The bylaws should contain guidelines on how corporate and financial records will be maintained. Additionally, it should outline a procedure for how the bylaws may be amended.
Whether you’re currently the sole founder and board member, or you have a large board, be sure to have an experienced and knowledgeable business attorney by your side. Your corporation’s bylaws are important and you need to be confident you are adhering to state law.
Next, the board must officially issue stock, granting each stockholder a paper certificate legitimizing their ownership.
Hold your first annual shareholders’ meeting
Since the board has officially issued the corporation’s stock, then the shareholders can convene their first annual meeting. Shareholders, who may be called stockholders, hold equity in the company. Equity is an ownership stake, which makes the shareholders owners of the corporation. Shareholders must meet at least once per year. For example, here is New York annual meeting requirement outlined in its BSC §602. The bylaws typically describe when the meeting will take place.

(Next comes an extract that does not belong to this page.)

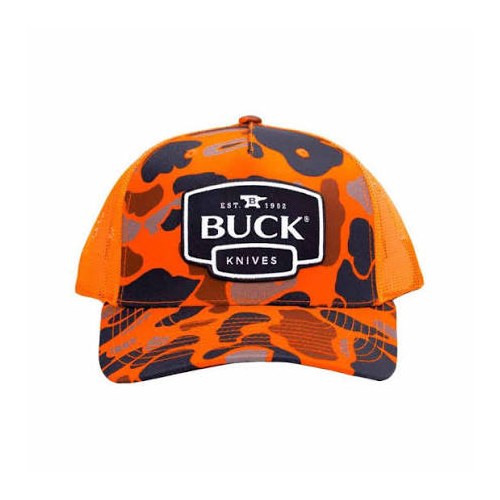 Buck Cap Blaze Duck Camo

During this first meeting, the shareholders must appoint the official board of directors. Usually, a person or group nominates certain individuals for the board who are then voted on by the shareholders. As the founder and initial director, you may put up individuals you trust for board positions. The shareholders may confirm your original board selections or new individuals may be voted in.
In future annual meetings, shareholders will vote to replace directors. They may vote on major corporate decisions or proposed changes to the corporate structure, such as a merger or acquisition. Shareholders also have the right to vote on any decisions that would impact their stock holdings.
Begin maintaining detailed records
If you did not work with a lawyer during the formation of your corporation, you should hire an experienced business lawyer during the first year to set up a recordkeeping system. There can be severe consequences if a corporation fails to follow all the state and federal procedures. “The state may revoke your corporate charter and in which case you’re considered potentially a dissolved company,” Rose says. “You get to be called something that is known as in bad standing, and that can result in additional costs in trying to get you corporate charter back instated. It could also expose owners to potential liability if they don’t keep the corporation in good standing with the secretary of state.”
As a corporation, you are going to need to keep detailed records, and Cooley GO recommends a Minute Book. This should include your articles of incorporation and bylaws, information on your directors, information on your shareholders, and the minutes for every board of directors’ and shareholders’ meeting. You should also keep detailed financial records and copies of reports filed with the state or federal government.